== AVAILABLE DATA ==

....................

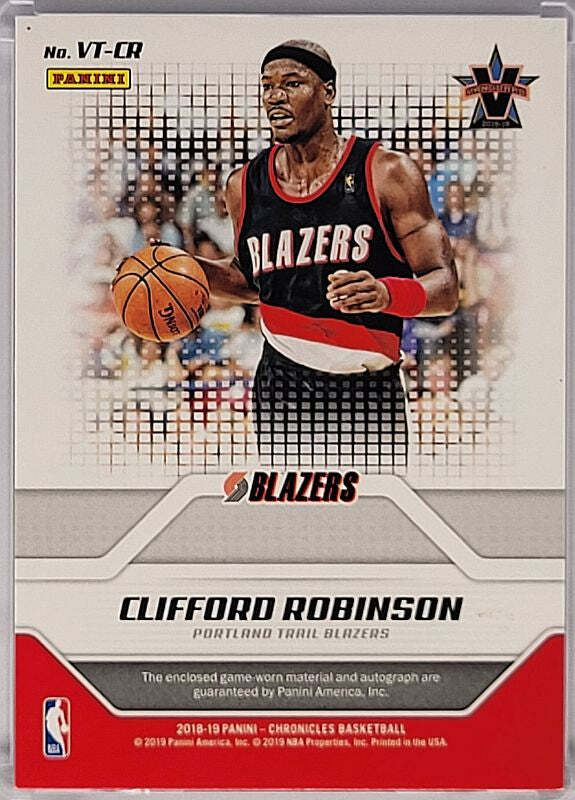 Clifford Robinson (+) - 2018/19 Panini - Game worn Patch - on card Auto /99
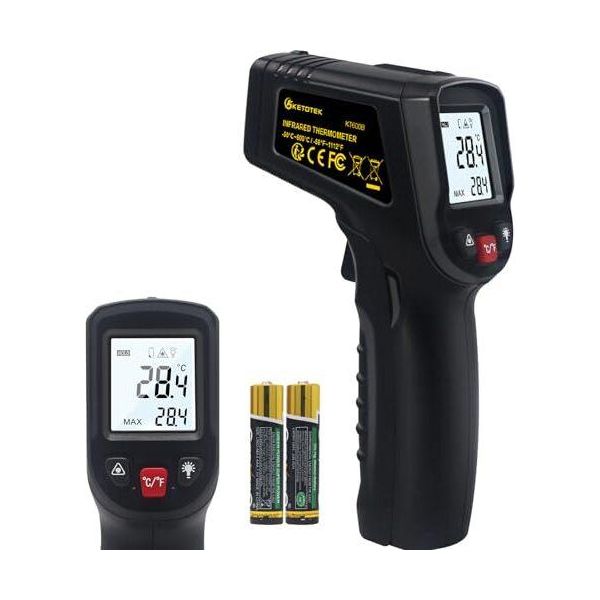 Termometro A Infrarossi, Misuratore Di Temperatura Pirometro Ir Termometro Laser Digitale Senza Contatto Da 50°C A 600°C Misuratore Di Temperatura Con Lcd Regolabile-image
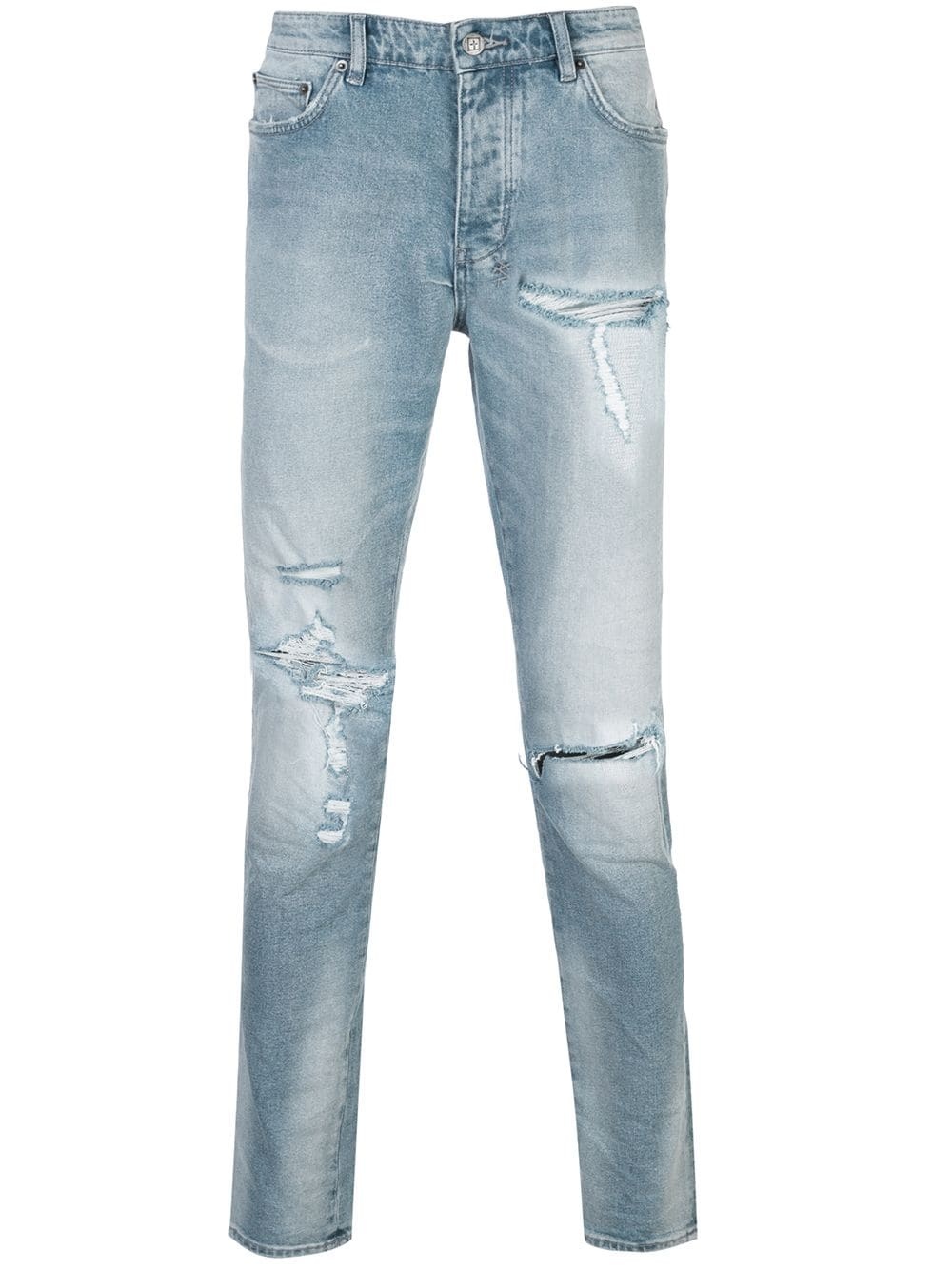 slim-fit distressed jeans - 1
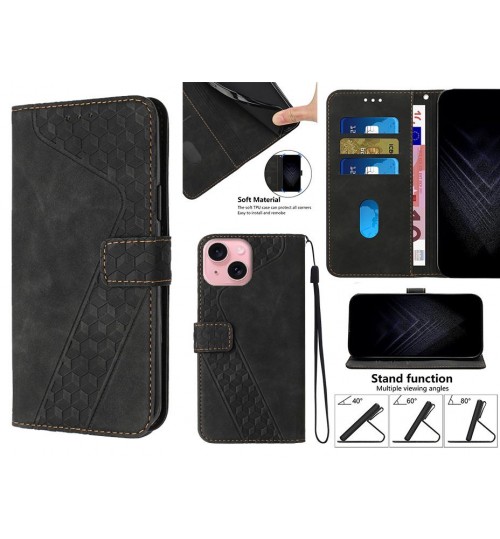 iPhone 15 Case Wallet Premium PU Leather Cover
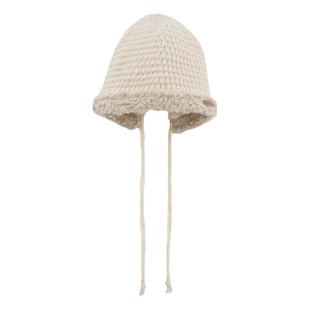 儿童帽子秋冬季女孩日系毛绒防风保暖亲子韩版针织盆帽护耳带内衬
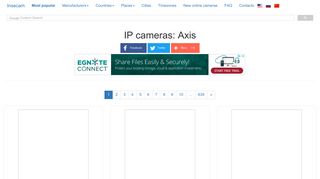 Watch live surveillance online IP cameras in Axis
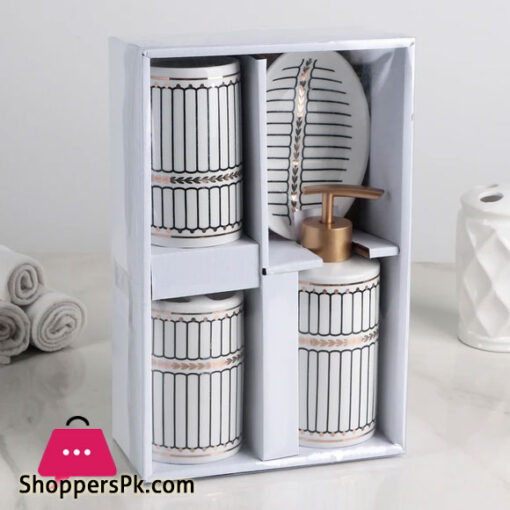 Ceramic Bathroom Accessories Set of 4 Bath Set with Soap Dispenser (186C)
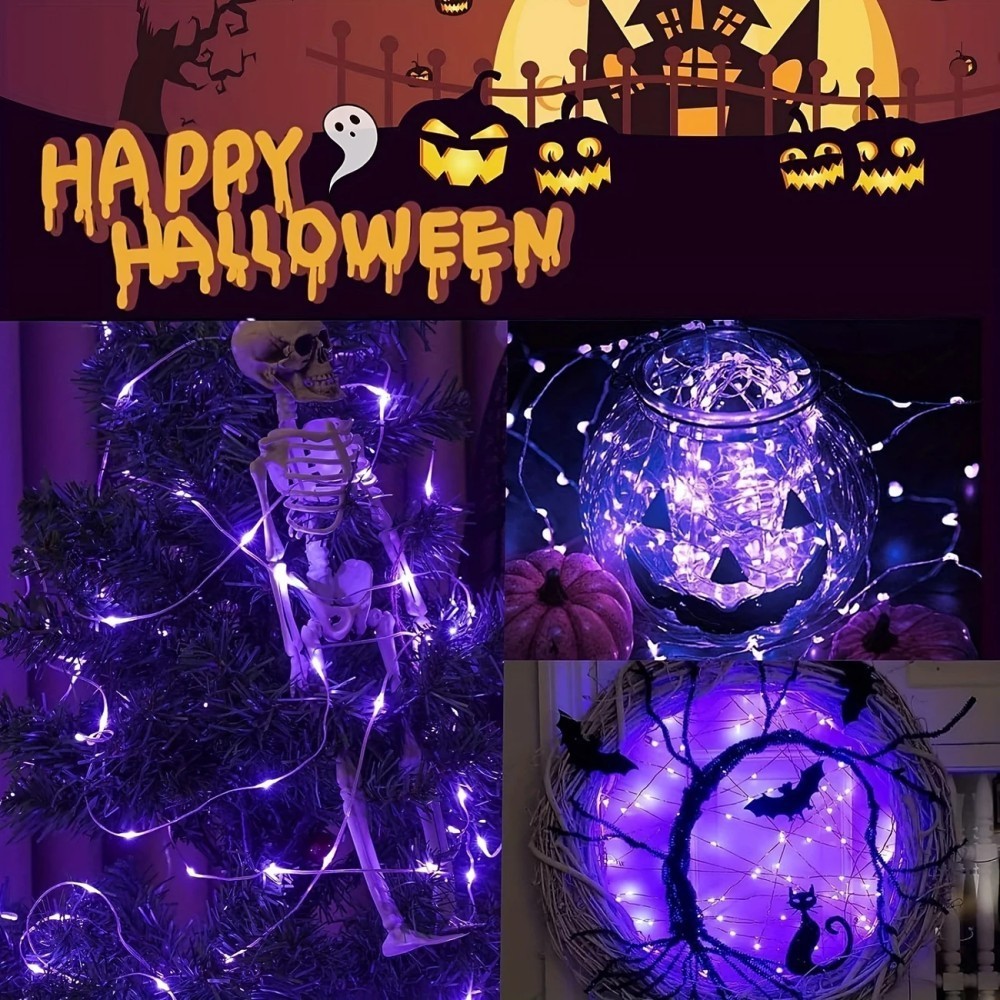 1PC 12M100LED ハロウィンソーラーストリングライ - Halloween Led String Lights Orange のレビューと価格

....................

== GOAL OF THE EXERCISE ==
Up to and including the line with "iPhone 15 Case", copy the data above from its first line. Skip pictures.

== TASK RESPONSE ==
 Clifford Robinson (+) - 2018/19 Panini - Game worn Patch - on card Auto /99
 Termometro A Infrarossi, Misuratore Di Temperatura Pirometro Ir Termometro Laser Digitale Senza Contatto Da 50°C A 600°C Misuratore Di Temperatura Con Lcd Regolabile-image
 slim-fit distressed jeans - 1
 iPhone 15 Case Wallet Premium PU Leather Cover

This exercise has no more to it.